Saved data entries
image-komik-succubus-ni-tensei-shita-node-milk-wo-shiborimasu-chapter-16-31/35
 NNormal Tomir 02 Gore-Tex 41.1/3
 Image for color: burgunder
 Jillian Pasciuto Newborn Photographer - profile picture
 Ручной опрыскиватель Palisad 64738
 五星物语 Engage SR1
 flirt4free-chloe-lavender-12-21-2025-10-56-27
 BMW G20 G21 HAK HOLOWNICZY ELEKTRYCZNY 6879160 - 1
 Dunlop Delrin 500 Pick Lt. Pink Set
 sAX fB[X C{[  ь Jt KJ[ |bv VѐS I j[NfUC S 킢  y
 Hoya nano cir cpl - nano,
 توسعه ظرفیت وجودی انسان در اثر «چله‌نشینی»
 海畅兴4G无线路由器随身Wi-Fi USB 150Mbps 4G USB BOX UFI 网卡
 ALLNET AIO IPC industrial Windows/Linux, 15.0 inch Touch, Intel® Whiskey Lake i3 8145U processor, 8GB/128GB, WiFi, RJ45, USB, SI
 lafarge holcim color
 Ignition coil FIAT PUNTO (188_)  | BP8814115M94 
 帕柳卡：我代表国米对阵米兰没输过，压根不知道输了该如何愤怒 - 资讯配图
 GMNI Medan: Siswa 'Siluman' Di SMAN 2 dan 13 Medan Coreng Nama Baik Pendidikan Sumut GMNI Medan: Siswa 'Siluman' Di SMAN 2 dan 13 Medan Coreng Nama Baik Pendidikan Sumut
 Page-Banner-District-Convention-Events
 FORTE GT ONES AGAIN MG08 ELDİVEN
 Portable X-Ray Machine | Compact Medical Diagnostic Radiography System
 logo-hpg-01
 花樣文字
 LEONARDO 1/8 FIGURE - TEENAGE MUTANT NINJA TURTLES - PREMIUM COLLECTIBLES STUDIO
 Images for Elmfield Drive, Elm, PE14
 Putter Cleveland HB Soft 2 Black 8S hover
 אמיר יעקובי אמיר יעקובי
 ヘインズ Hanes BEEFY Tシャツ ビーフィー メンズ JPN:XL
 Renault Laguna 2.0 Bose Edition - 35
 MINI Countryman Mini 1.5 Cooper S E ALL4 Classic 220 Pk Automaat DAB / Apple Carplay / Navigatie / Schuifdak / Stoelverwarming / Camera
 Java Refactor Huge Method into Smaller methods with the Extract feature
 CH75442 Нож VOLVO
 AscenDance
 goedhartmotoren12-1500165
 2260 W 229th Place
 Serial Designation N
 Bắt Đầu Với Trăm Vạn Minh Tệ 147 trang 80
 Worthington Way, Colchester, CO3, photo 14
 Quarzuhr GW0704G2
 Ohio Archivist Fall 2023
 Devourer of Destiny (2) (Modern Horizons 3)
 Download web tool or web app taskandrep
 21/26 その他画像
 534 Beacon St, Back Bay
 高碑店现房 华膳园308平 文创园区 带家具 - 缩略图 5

▶ _HOW TO COMPLETE THIS TASK_
Look above for the line holding "Pendidikan Sumut GMNI", then set down exactly that line and every line after it up to and including the line holding "Renault Laguna 2.0 Bose Edition - 35", with nothing else.

▶ _ANSWER FOR THIS EXERCISE_
 GMNI Medan: Siswa 'Siluman' Di SMAN 2 dan 13 Medan Coreng Nama Baik Pendidikan Sumut GMNI Medan: Siswa 'Siluman' Di SMAN 2 dan 13 Medan Coreng Nama Baik Pendidikan Sumut
 Page-Banner-District-Convention-Events
 FORTE GT ONES AGAIN MG08 ELDİVEN
 Portable X-Ray Machine | Compact Medical Diagnostic Radiography System
 logo-hpg-01
 花樣文字
 LEONARDO 1/8 FIGURE - TEENAGE MUTANT NINJA TURTLES - PREMIUM COLLECTIBLES STUDIO
 Images for Elmfield Drive, Elm, PE14
 Putter Cleveland HB Soft 2 Black 8S hover
 אמיר יעקובי אמיר יעקובי
 ヘインズ Hanes BEEFY Tシャツ ビーフィー メンズ JPN:XL
 Renault Laguna 2.0 Bose Edition - 35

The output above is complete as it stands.